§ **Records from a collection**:
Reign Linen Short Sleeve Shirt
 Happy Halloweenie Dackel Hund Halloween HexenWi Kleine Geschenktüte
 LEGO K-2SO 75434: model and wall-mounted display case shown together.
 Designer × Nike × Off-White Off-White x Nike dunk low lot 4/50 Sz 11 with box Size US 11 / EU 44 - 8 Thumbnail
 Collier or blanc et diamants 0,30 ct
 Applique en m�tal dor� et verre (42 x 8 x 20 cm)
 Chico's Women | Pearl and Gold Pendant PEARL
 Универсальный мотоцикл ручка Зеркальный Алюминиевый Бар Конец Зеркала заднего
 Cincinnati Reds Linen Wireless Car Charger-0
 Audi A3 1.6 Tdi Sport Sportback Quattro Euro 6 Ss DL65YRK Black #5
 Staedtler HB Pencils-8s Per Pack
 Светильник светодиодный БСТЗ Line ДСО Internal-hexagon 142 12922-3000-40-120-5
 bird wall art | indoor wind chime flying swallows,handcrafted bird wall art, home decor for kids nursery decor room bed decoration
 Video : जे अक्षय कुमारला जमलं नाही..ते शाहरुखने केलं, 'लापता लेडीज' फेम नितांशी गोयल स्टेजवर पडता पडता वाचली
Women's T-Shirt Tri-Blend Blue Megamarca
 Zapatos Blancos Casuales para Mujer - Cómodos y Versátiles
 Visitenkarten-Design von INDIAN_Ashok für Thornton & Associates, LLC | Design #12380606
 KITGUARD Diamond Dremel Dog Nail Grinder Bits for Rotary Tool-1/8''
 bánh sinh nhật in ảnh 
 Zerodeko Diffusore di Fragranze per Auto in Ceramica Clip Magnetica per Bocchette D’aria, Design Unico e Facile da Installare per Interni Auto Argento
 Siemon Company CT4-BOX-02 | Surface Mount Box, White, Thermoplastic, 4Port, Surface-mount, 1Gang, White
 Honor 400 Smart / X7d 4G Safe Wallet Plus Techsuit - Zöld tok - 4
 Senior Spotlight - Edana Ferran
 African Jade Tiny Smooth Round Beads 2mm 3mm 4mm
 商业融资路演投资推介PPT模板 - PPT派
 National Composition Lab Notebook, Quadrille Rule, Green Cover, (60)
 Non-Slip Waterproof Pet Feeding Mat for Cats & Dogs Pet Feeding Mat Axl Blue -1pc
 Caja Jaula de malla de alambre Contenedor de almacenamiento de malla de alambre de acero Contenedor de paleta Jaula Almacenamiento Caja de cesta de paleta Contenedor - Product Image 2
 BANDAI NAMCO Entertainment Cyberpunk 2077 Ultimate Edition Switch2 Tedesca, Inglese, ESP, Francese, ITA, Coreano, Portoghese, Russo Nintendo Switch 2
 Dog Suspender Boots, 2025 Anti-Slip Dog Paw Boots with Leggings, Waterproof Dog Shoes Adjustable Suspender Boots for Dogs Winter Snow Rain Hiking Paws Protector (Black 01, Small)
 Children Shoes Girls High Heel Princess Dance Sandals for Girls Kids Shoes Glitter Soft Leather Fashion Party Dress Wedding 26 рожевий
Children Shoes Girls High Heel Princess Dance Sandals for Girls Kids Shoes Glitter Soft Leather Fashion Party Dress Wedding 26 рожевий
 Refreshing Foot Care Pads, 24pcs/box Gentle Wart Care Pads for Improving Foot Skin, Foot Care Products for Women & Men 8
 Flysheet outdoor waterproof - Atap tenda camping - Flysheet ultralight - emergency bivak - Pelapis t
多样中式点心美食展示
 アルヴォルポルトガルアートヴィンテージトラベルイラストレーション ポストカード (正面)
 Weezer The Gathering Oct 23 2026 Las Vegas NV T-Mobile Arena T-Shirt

§ **WHAT YOU WILL DO**:
Look above and repeat, character for character, the lines from the first one to the line with "Caja Jaula de", counting both.

§ **WRITTEN SOLUTION**:
Reign Linen Short Sleeve Shirt
 Happy Halloweenie Dackel Hund Halloween HexenWi Kleine Geschenktüte
 LEGO K-2SO 75434: model and wall-mounted display case shown together.
 Designer × Nike × Off-White Off-White x Nike dunk low lot 4/50 Sz 11 with box Size US 11 / EU 44 - 8 Thumbnail
 Collier or blanc et diamants 0,30 ct
 Applique en m�tal dor� et verre (42 x 8 x 20 cm)
 Chico's Women | Pearl and Gold Pendant PEARL
 Универсальный мотоцикл ручка Зеркальный Алюминиевый Бар Конец Зеркала заднего
 Cincinnati Reds Linen Wireless Car Charger-0
 Audi A3 1.6 Tdi Sport Sportback Quattro Euro 6 Ss DL65YRK Black #5
 Staedtler HB Pencils-8s Per Pack
 Светильник светодиодный БСТЗ Line ДСО Internal-hexagon 142 12922-3000-40-120-5
 bird wall art | indoor wind chime flying swallows,handcrafted bird wall art, home decor for kids nursery decor room bed decoration
 Video : जे अक्षय कुमारला जमलं नाही..ते शाहरुखने केलं, 'लापता लेडीज' फेम नितांशी गोयल स्टेजवर पडता पडता वाचली
Women's T-Shirt Tri-Blend Blue Megamarca
 Zapatos Blancos Casuales para Mujer - Cómodos y Versátiles
 Visitenkarten-Design von INDIAN_Ashok für Thornton & Associates, LLC | Design #12380606
 KITGUARD Diamond Dremel Dog Nail Grinder Bits for Rotary Tool-1/8''
 bánh sinh nhật in ảnh 
 Zerodeko Diffusore di Fragranze per Auto in Ceramica Clip Magnetica per Bocchette D’aria, Design Unico e Facile da Installare per Interni Auto Argento
 Siemon Company CT4-BOX-02 | Surface Mount Box, White, Thermoplastic, 4Port, Surface-mount, 1Gang, White
 Honor 400 Smart / X7d 4G Safe Wallet Plus Techsuit - Zöld tok - 4
 Senior Spotlight - Edana Ferran
 African Jade Tiny Smooth Round Beads 2mm 3mm 4mm
 商业融资路演投资推介PPT模板 - PPT派
 National Composition Lab Notebook, Quadrille Rule, Green Cover, (60)
 Non-Slip Waterproof Pet Feeding Mat for Cats & Dogs Pet Feeding Mat Axl Blue -1pc
 Caja Jaula de malla de alambre Contenedor de almacenamiento de malla de alambre de acero Contenedor de paleta Jaula Almacenamiento Caja de cesta de paleta Contenedor - Product Image 2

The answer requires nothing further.